Hello Friends,
For a while now, I've been scripting a wavetable synth with HISE. Although I've been struggling along for a crazy-long time with it, I'm now getting close to something resembling a complete pro soft synth, with just about all the features I set out to include in it.
One thing still doesn't feel right yet: the quality of the wavetable sound. I don't have an artifact problem, but at times the sound can feel a bit broken up and not as sharp as I was hoping it would be, especially with the filter peak cranked. To understand this issue a bit more, I went to the Xfer Records page to look at Serum's features. Right away, I was hit with "ULTRA-CLEAN OSCILLATORS," the heading in one of the paragraphs. (Copied Below)
They claim Serum features advanced math that makes things sound better than basically any other wavetable synth on the market. It made me wonder how much of it is already built into the HISE wavetable synth and how much needed to be programmed in. Also, how much is just a marketing plan with no real advantage on HISE's wavetable synth.
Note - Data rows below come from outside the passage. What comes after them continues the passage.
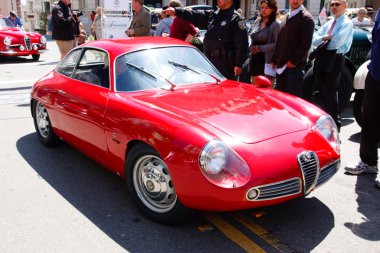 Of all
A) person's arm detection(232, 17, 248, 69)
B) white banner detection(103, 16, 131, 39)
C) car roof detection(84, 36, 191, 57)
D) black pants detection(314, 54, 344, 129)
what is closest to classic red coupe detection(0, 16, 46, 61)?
white banner detection(103, 16, 131, 39)

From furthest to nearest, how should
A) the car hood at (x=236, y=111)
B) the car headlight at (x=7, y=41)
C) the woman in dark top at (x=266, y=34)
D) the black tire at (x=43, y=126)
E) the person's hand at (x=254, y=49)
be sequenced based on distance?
the car headlight at (x=7, y=41), the person's hand at (x=254, y=49), the woman in dark top at (x=266, y=34), the black tire at (x=43, y=126), the car hood at (x=236, y=111)

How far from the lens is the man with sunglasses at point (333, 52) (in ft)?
16.9

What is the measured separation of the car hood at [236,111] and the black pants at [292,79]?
1.41 metres

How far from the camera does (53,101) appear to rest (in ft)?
14.6

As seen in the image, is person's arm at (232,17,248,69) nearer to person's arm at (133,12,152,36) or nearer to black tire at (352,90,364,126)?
black tire at (352,90,364,126)

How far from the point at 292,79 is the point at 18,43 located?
35.4ft

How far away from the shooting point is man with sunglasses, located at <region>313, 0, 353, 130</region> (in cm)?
515

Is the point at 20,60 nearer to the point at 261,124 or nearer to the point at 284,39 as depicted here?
the point at 284,39

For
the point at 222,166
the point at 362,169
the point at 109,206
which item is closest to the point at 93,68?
the point at 109,206

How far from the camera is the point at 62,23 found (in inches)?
350

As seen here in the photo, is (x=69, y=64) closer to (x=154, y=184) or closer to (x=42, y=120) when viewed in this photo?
(x=42, y=120)

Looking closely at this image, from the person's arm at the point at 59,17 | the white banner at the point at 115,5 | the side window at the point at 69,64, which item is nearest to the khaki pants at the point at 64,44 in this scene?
the person's arm at the point at 59,17

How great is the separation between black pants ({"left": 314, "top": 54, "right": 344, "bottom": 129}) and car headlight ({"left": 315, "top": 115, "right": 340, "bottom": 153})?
6.57ft

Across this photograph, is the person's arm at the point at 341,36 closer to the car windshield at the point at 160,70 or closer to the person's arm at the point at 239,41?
the person's arm at the point at 239,41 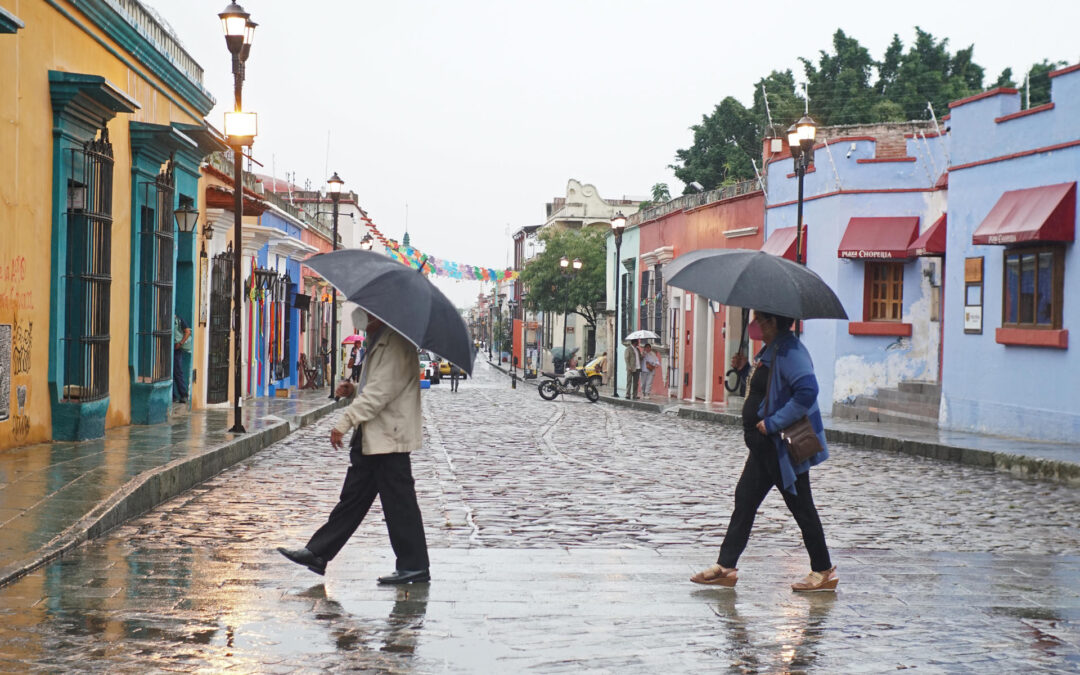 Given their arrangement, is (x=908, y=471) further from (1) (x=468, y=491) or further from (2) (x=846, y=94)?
(2) (x=846, y=94)

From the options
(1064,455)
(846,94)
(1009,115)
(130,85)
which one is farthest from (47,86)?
(846,94)

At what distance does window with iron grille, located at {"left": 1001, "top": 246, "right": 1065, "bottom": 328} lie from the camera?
1689 cm

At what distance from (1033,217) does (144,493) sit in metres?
12.1

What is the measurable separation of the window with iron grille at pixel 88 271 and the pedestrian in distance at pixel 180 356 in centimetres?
622

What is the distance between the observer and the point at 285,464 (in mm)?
13969

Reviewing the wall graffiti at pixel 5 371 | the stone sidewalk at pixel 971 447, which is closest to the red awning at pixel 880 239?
the stone sidewalk at pixel 971 447

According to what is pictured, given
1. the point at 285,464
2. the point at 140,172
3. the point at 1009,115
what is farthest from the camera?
the point at 1009,115

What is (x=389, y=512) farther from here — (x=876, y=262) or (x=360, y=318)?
(x=876, y=262)

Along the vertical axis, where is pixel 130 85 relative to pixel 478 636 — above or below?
above

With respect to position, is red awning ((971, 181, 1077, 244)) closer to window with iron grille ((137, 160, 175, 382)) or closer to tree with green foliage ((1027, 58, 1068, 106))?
window with iron grille ((137, 160, 175, 382))

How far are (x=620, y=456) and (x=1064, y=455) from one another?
16.5 ft

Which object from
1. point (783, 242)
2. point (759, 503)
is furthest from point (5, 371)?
point (783, 242)

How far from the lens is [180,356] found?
67.0ft

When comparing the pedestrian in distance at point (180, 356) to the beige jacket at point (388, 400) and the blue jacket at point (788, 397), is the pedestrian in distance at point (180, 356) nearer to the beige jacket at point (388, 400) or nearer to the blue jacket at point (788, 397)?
the beige jacket at point (388, 400) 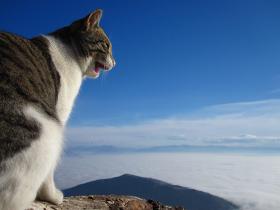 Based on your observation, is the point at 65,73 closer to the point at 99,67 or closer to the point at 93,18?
the point at 99,67

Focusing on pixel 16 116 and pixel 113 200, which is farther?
pixel 113 200

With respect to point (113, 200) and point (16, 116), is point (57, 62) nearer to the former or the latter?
point (16, 116)

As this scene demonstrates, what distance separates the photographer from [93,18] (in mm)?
15078

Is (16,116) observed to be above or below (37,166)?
above

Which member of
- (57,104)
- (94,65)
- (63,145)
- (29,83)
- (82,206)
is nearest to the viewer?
(29,83)

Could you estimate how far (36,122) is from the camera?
31.8 ft

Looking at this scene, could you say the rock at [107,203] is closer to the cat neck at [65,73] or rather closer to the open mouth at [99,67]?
the cat neck at [65,73]

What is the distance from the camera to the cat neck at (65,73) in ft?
40.2

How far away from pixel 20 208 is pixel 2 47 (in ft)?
13.6

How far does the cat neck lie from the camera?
1226cm

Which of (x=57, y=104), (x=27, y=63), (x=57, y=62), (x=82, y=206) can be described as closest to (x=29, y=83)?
(x=27, y=63)

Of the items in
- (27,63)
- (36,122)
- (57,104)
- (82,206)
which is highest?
(27,63)

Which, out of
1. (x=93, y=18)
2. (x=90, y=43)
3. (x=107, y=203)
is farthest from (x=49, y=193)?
(x=93, y=18)

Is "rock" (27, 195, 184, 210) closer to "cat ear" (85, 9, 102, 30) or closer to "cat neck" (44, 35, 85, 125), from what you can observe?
"cat neck" (44, 35, 85, 125) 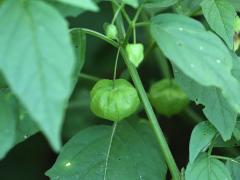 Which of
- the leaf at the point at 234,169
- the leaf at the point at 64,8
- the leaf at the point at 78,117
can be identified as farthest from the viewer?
the leaf at the point at 78,117

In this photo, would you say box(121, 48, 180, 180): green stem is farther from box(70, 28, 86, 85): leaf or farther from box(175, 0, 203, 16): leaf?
box(175, 0, 203, 16): leaf

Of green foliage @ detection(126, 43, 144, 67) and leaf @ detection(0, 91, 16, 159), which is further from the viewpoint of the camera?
green foliage @ detection(126, 43, 144, 67)

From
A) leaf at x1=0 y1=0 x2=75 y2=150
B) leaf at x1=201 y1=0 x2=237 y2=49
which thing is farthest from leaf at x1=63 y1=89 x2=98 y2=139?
leaf at x1=0 y1=0 x2=75 y2=150

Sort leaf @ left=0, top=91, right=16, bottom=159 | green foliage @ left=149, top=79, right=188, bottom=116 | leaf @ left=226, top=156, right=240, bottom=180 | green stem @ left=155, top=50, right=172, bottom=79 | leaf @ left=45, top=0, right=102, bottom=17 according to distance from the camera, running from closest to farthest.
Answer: leaf @ left=0, top=91, right=16, bottom=159, leaf @ left=45, top=0, right=102, bottom=17, leaf @ left=226, top=156, right=240, bottom=180, green foliage @ left=149, top=79, right=188, bottom=116, green stem @ left=155, top=50, right=172, bottom=79

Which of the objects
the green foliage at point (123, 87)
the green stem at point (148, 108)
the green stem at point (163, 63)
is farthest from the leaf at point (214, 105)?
the green stem at point (163, 63)

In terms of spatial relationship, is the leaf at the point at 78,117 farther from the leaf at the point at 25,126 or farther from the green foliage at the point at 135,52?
the green foliage at the point at 135,52

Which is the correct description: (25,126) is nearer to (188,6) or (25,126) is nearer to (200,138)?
(200,138)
Since I'm not a math nor coding expert, I come to you cracks for guidance. Please read Serum's description of their OSCs. Let me know if HISE already delivers this level of performance and I just need to do better with my wavetables, or if there is anything I can do (coding) that would bring the quality and sharpness of the sound to the highest possible level.
Thank you.
ULTRA-CLEAN OSCILLATORS
Playback of wavetables requires digital resampling to play different frequencies. Without considerable care and a whole lot of number crunching, this process will create audible artifacts. Artifacts mean that you are (perhaps unknowingly) crowding your mix with unwanted tones / frequencies. Many popular wavetable synthesizers are astonishingly bad at suppressing artifacts - even on a high-quality setting some create artifacts as high as -36 dB to -60 dB (level difference between fundamental on artifacts) which is well audible, and furthermore often dampening the highest wanted audible frequencies in the process, to try and suppress this unwanted sound. In Serum, the native-mode (default) playback of oscillators operates with an ultra high-precision resampling, yielding an astonishingly inaudible signal-to-noise (for instance, -150 dB on a sawtooth played at 1 Khz at 44100)! This requires a lot of calculations, so Serum’s oscillator playback has been aggressively optimized using SSE2 instructions to allow for this high-quality playback without taxing your CPU any more than the typical (decent quality) soft synth already does. Load up Serum and we think you’ll be able to notice both what you hear (solid high frequencies, extending flat all the way up to the limits of hearing) as well as what you don’t hear (no unwanted mud or aliasing gibberish- just good, clean sound).